* _REQUIRED WORK_
Those lines of the records that contain "Flip" are to be located and copied.

:::

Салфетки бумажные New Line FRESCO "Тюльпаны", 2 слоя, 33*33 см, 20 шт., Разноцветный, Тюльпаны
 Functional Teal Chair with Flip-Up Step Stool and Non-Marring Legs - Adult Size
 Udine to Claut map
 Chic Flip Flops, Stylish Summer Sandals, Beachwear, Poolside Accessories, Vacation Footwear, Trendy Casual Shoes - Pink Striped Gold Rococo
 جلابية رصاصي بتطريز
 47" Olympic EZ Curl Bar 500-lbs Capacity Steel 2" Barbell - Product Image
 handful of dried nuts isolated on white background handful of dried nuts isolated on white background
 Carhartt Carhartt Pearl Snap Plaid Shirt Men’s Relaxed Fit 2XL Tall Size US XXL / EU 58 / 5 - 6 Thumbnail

:::

* _RESULT_
 Functional Teal Chair with Flip-Up Step Stool and Non-Marring Legs - Adult Size
 Chic Flip Flops, Stylish Summer Sandals, Beachwear, Poolside Accessories, Vacation Footwear, Trendy Casual Shoes - Pink Striped Gold Rococo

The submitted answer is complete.